Please copy the data exactly as it stands, minus the images.

Material provided >>
______

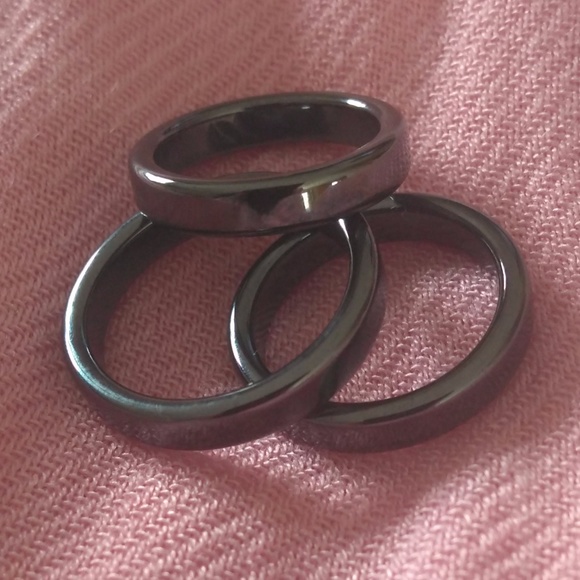 🆕 Unisex Hematite Band Stackable Ring - Picture 5 of 5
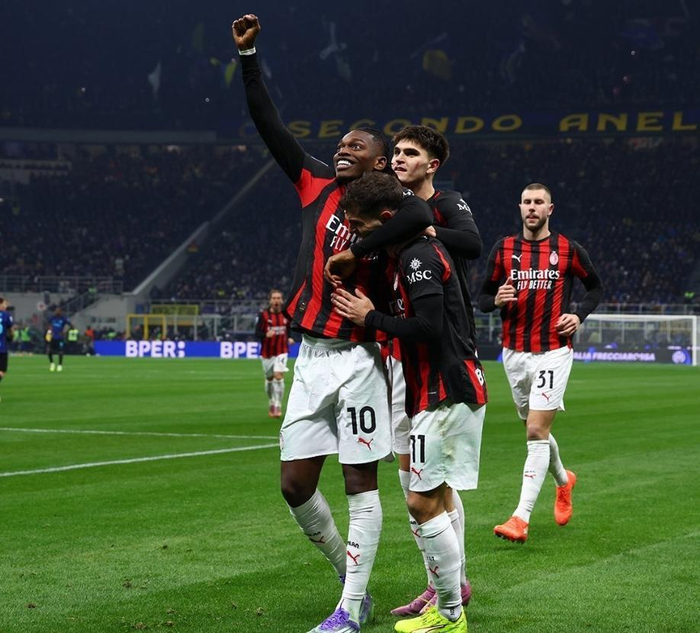 从头到尾的 从头到尾的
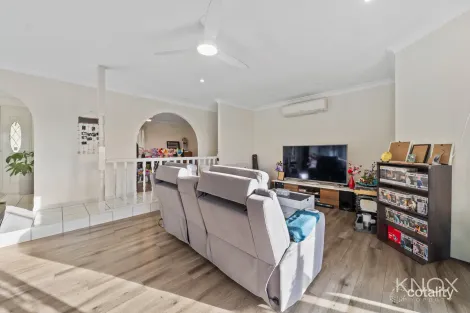 Property photo of 21 Lance Drive Mount Warren Park QLD 4207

______

Solution >>
 🆕 Unisex Hematite Band Stackable Ring - Picture 5 of 5
 从头到尾的 从头到尾的
 Property photo of 21 Lance Drive Mount Warren Park QLD 4207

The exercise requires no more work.